Interior Secretary Deb Haaland expressed optimism about the Bureau of Indian Affairs’ recently-announced Missing and Murdered Unit on a press call Tuesday, saying the federal government was “ready to solve this crisis.”
“For too long this issue has been swept under the rug,” Haaland, the nation’s first indigenous Cabinet secretary, said Tuesday. She cited statistics indicating more than 90 percent of indigenous women experience violence, including more than half involving an intimate partner.
“I believe we are at an inflection point,” Haaland said. “We have a president who has promised to prioritize this issue and ensure that Native American leaders have a seat at the table.”
Haaland said the unit was part of a “whole-of-government” approach to addressing issues, saying that “for too long, Indian issues were relegated to tribal offices within federal agencies.”
“Every federal agency is taking our commitment to strengthening tribal agency and self-government seriously,” she added. “We’ll keep working until our people stop going missing without a trace.”
Principal Deputy Assistant Secretary for Indian Affairs Bryan Newland, a member of the Bay Mills Indian Community, told reporters the new unit “will allow us to coordinate our resources across the nation,” enabling the Bureau to focus its resources on both new and unsolved cases.
Haaland, asked how the unit would measure its success, said the department would prioritize closing unsolved cases.
“Right now there are people in this country who don’t know where their loved ones are,” she said. “We want to be able to answer that question, we want to make sure that folks have closure.
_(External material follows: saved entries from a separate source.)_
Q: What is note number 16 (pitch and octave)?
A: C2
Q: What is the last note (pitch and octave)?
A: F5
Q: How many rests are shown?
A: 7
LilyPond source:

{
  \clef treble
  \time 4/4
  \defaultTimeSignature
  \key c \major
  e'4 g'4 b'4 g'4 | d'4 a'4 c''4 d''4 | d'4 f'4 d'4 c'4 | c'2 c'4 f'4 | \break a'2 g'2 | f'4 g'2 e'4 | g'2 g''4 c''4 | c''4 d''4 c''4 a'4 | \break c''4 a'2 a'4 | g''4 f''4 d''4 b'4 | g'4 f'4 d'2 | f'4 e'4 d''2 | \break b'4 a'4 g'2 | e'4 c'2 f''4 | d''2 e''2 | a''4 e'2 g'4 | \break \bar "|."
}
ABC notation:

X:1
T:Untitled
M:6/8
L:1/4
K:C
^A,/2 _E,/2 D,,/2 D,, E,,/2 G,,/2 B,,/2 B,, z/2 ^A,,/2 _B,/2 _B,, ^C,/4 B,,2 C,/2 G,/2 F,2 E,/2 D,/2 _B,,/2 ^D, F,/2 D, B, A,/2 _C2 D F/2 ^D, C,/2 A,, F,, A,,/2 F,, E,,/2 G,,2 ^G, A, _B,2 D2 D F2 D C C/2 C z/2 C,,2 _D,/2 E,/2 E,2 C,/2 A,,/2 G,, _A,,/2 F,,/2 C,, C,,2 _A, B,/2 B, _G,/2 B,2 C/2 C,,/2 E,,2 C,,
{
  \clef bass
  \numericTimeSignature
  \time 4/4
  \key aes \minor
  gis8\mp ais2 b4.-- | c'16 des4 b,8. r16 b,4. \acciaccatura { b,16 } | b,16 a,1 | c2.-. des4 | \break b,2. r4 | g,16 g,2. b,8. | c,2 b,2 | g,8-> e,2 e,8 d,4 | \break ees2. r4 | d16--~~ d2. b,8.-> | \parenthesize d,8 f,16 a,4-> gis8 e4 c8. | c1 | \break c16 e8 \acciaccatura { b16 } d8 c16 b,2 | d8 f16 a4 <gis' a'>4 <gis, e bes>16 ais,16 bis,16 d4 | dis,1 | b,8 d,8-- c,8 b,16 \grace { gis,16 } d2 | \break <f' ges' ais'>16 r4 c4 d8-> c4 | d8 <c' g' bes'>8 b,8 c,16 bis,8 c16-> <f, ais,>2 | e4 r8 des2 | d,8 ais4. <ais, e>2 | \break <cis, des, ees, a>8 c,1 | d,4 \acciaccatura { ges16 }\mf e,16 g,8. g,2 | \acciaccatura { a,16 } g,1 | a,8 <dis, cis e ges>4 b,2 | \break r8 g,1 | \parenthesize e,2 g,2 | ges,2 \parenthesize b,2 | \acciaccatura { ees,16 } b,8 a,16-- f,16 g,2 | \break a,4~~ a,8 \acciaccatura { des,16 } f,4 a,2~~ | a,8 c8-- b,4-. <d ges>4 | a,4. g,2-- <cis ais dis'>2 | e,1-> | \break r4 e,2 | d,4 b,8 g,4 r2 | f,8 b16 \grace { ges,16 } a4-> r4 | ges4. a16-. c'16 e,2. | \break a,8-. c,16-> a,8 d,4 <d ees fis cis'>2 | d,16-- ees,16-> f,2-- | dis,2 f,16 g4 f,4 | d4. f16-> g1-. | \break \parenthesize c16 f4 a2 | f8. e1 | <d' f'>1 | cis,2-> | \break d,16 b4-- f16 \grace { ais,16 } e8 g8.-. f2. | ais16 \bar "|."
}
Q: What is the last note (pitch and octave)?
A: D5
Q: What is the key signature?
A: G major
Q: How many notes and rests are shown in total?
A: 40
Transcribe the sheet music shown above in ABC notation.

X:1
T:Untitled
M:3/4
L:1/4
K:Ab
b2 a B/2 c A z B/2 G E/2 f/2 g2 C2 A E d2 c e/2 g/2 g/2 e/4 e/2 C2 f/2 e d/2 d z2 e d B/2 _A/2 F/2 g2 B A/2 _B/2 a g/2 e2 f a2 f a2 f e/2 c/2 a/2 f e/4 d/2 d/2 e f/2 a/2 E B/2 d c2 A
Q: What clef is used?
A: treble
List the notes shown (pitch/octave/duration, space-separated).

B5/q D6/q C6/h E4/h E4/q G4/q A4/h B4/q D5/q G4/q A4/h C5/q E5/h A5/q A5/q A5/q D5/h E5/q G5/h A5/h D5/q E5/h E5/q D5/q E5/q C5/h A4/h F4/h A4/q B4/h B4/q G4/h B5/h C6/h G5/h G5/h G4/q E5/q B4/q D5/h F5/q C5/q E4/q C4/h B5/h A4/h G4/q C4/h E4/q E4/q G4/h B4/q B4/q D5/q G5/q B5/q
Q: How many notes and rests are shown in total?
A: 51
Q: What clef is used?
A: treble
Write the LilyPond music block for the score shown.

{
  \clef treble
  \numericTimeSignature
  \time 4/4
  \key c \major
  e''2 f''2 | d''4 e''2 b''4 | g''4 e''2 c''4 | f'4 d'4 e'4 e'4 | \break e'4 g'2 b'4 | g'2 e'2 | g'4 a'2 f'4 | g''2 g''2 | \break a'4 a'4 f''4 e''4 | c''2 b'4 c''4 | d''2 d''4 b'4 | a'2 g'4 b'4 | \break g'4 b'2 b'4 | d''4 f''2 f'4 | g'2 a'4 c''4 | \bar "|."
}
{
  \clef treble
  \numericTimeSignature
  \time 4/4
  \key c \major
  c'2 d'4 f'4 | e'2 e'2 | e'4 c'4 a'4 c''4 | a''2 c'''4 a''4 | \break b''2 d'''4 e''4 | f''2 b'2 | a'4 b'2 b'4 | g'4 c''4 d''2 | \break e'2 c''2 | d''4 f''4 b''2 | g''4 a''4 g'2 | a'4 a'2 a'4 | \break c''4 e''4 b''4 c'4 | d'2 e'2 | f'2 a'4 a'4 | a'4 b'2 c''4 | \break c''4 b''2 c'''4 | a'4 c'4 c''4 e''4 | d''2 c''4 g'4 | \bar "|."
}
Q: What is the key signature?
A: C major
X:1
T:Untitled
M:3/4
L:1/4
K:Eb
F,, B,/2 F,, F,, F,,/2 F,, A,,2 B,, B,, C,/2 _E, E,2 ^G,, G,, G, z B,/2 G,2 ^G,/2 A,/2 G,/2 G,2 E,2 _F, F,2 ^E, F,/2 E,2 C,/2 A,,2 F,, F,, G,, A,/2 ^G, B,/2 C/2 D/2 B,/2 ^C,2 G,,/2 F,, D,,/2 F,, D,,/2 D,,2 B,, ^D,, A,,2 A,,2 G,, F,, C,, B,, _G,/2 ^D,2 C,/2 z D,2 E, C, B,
We would measure it by how many unsolved cases we’re able to solve.”
The press call came the week after the department announced new orders to simplify the process of taking land into trust, the process under which the department holds ownership of land for either a tribe or individual tribe members.
Simplifying that process, Newland said, “clarifies the exercise of jurisdiction within the reservation.”
“When that jurisdiction is clarified and simple it makes the work of police officers and prosecutors so much easier [and] it makes it less confusing for judges to consider jurisdictional issues,” he said.
Tracey Toulou, the Department of Justice’s Director of the Office of Tribal Justice, said Haaland’s leadership was essential to making progress on the issue.
“I really can’t stress how important this moment is to have Secretary Haaland leading the Department of the Interior,” he said. “We’ve got a lot of really hard work ahead of us, this is a tragic topic… but I’m as optimistic as I’ve ever been in my 20 years working in this area.”